Closed CamFreshwater closed 5 years ago

CamFreshwater commented 5 years ago

My notes are a bit jumbled, but my understanding is that at the end of the last meeting we had decided to incorporate a new, more generic multistock harvest control rule that could be used to evaluate the relative benefits of more restrictive single-stock fisheries. I believe the goal was to avoid something too Fraser-centric (i.e. TAM rule), but make a comparison that was more valid than comparing fixed exploitation rates in mixed-stock fisheries to more nuanced single-stock HCRs (i.e. apples and oranges).
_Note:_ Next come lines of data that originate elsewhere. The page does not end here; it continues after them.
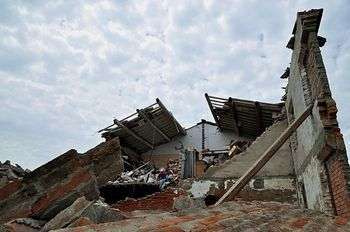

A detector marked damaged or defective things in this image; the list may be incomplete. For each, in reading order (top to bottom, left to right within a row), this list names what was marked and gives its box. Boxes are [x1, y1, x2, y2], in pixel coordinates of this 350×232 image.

broken roof beam [114, 118, 154, 150]
broken roof beam [137, 108, 171, 142]
broken roof beam [156, 98, 186, 136]
broken roof beam [204, 94, 220, 129]
broken roof beam [215, 102, 314, 206]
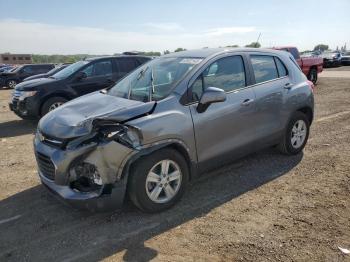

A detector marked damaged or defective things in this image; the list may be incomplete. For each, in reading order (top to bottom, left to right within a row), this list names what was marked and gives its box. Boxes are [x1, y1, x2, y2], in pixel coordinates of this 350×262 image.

damaged front bumper [33, 130, 135, 212]
crumpled hood [37, 92, 155, 139]
damaged gray suv [34, 48, 314, 213]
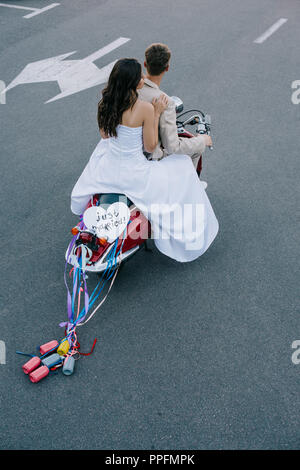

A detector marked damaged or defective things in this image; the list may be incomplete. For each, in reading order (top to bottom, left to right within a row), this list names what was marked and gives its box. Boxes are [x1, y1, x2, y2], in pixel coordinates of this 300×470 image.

white paint patch on road [0, 2, 60, 18]
white paint patch on road [254, 18, 288, 44]
white paint patch on road [1, 37, 131, 103]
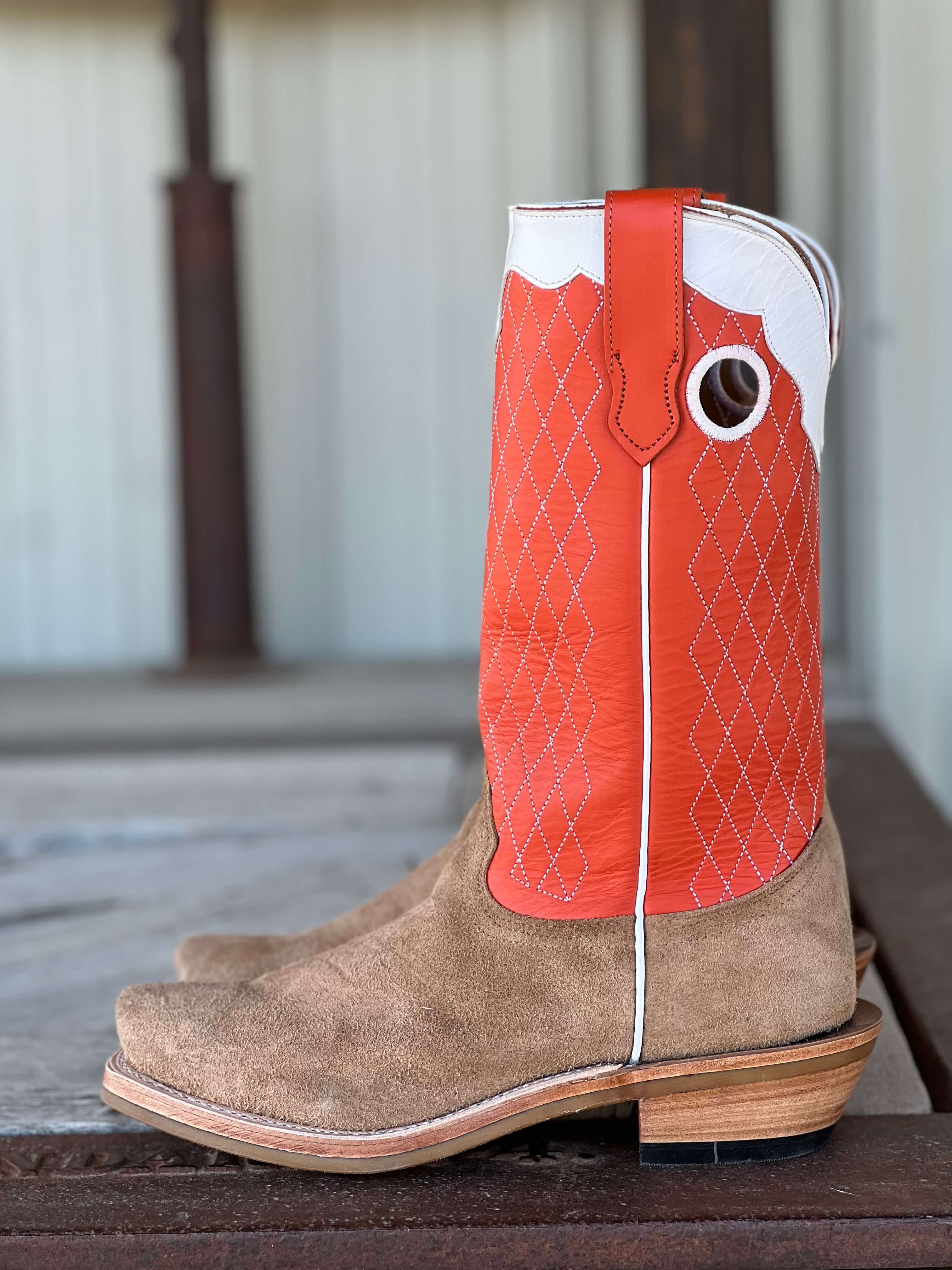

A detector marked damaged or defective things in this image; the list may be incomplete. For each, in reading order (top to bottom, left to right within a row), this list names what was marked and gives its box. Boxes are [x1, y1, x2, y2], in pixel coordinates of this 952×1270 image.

rusty support beam [169, 0, 255, 660]
rusty support beam [645, 0, 777, 215]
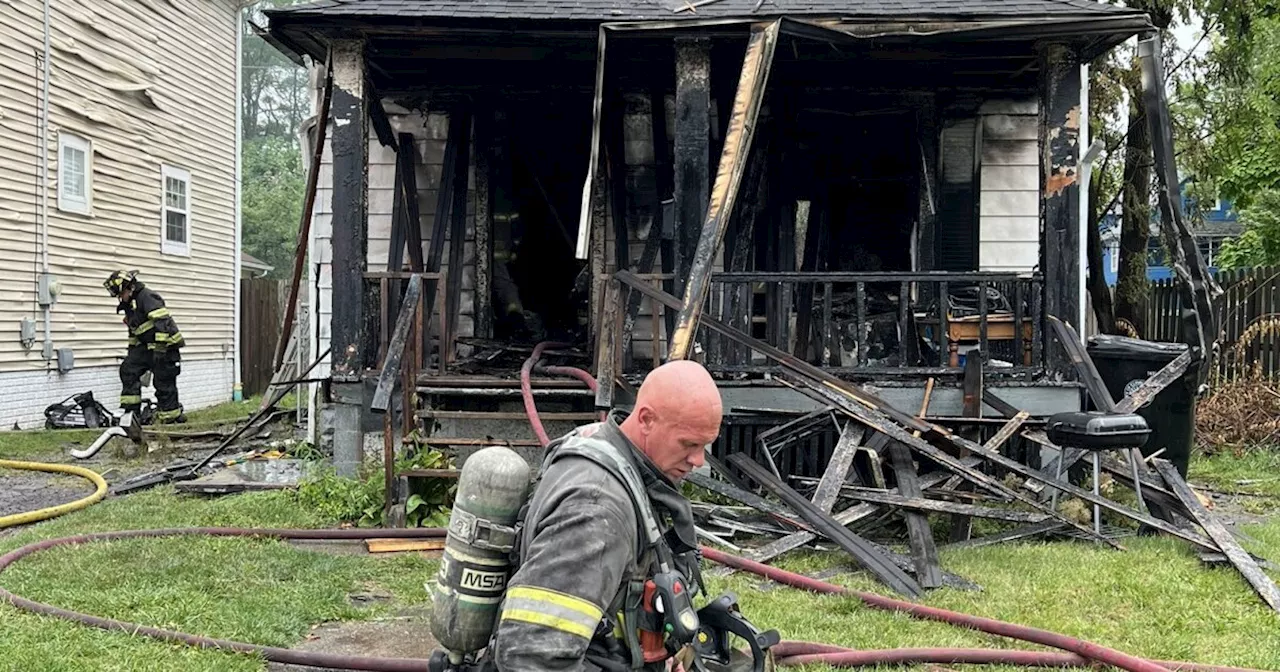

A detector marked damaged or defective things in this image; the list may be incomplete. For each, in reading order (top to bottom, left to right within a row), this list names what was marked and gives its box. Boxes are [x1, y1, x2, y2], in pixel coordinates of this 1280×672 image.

charred porch post [330, 39, 371, 476]
charred wood beam [445, 107, 476, 355]
charred wood beam [670, 36, 711, 295]
burned house [262, 2, 1162, 478]
splintered lumber [670, 19, 778, 360]
charred wood beam [670, 22, 778, 360]
charred wood beam [1039, 45, 1080, 371]
charred porch post [1039, 44, 1080, 373]
charred wood beam [1141, 34, 1228, 384]
splintered lumber [727, 450, 926, 596]
charred wood beam [732, 450, 921, 596]
splintered lumber [885, 442, 947, 588]
splintered lumber [1152, 458, 1280, 609]
charred wood beam [1152, 458, 1280, 609]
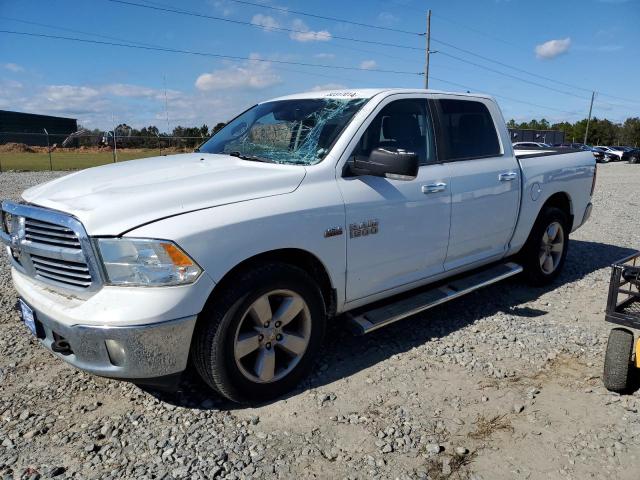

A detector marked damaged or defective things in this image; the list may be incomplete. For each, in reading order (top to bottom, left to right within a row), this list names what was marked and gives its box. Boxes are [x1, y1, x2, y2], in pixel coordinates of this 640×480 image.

shattered windshield [200, 97, 370, 165]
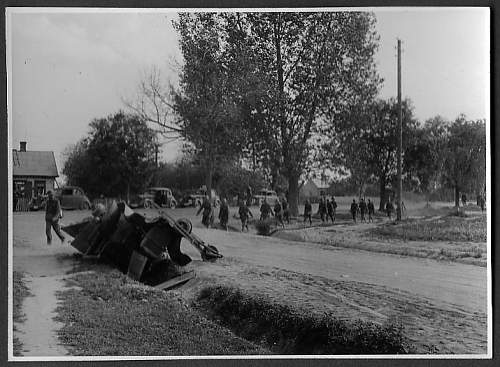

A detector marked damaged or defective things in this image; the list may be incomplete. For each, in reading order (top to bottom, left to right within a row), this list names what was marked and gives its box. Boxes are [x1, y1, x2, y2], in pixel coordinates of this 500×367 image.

overturned vehicle [61, 203, 222, 286]
wrecked car [61, 203, 222, 286]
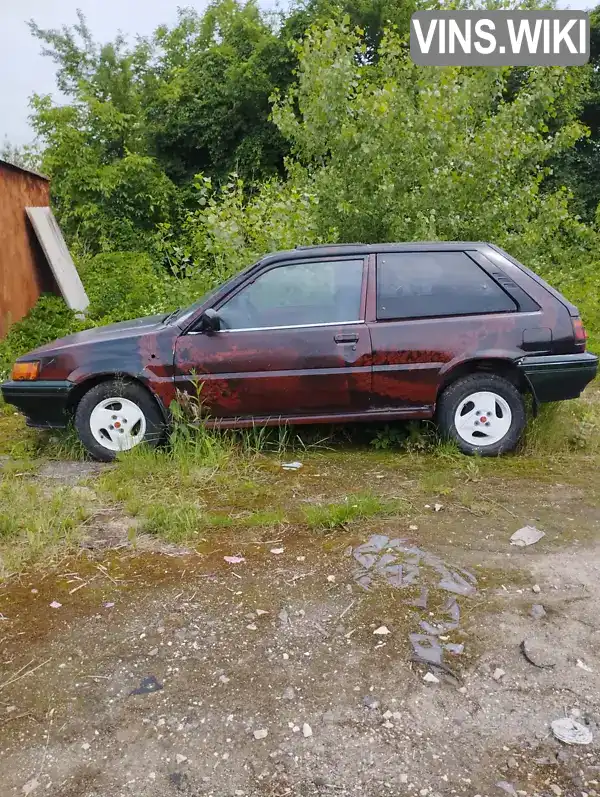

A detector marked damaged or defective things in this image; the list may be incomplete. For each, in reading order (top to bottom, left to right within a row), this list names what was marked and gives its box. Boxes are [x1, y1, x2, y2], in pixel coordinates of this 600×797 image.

rusty metal wall [0, 165, 55, 338]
I also believe we'd settled on following the rough outlines prescribed by the PA document, which Carrie forwarded to me after the meeting. The generic HCR in that document is as follows:

Provisional Harvest Rule In absence of a pre-agreed harvest rule developed in the context of the precautionary approach, a provisional removal reference or fishing mortality (F) could be used to guide management and to assess harvest in relation to sustainability. The provisional harvest rule is as follows: When the stock is in the “Healthy Zone”: F < FMSY When the stock is in the “Cautious Zone”: F < FMSY x ( (Biomass – 40% BMSY ) / ( 80% BMSY − 40% BMSY) ) When the stock is in the “Critical Zone”: F = 0

For our purposes I would modify this as: When the aggregate is in the “Healthy Zone”: Ftarget = FMSY When the aggregate is in the “Cautious Zone”: Ftarget = FMSY x ( (S – Sgen ) / (Smsy − Sgen) ) When the aggregate is in the “Critical Zone”: F = 0

As before we would calculate a total TAC based on the Ftarget and, depending on the MP, allocate a fixed proportion to mixed- and single-stock fisheries. So instead of examining how single-stock fisheries performed across different target ERs, we would be testing whether more conservative single-stock fisheries out-performed a plausible (but less risk averse and less complicated) version of the TAM rule.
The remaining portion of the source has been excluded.